# Aim of the task
Return, word for word, the lines of the listing below from the one with "Mapa Tours lanza" through the one with "Aceto Balsamico di", and no other lines.

# Available data
***

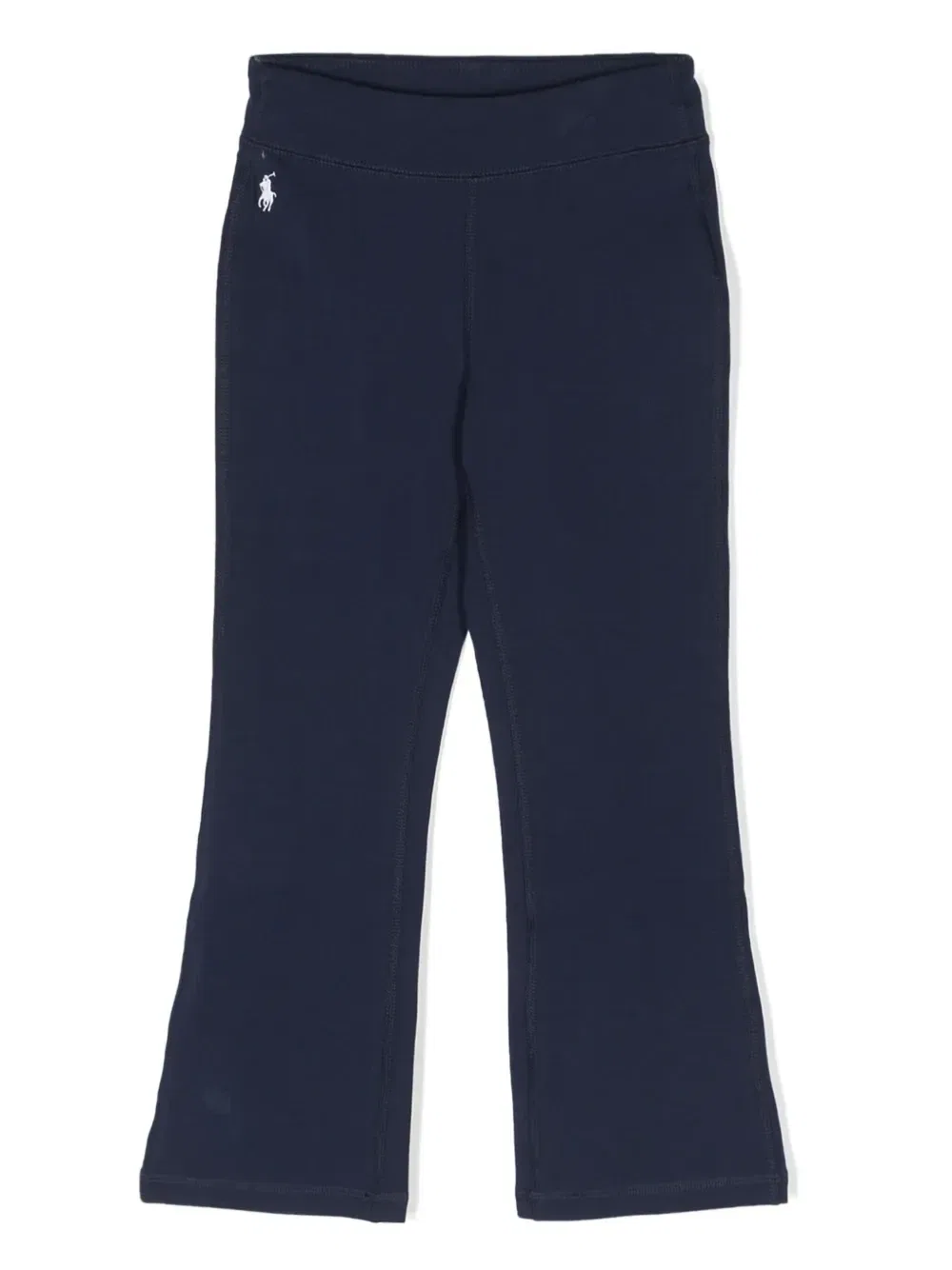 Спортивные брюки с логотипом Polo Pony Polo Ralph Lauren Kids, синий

***

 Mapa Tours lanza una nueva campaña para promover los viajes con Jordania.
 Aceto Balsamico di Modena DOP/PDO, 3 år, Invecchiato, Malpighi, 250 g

***

# Output
 Mapa Tours lanza una nueva campaña para promover los viajes con Jordania.
 Aceto Balsamico di Modena DOP/PDO, 3 år, Invecchiato, Malpighi, 250 g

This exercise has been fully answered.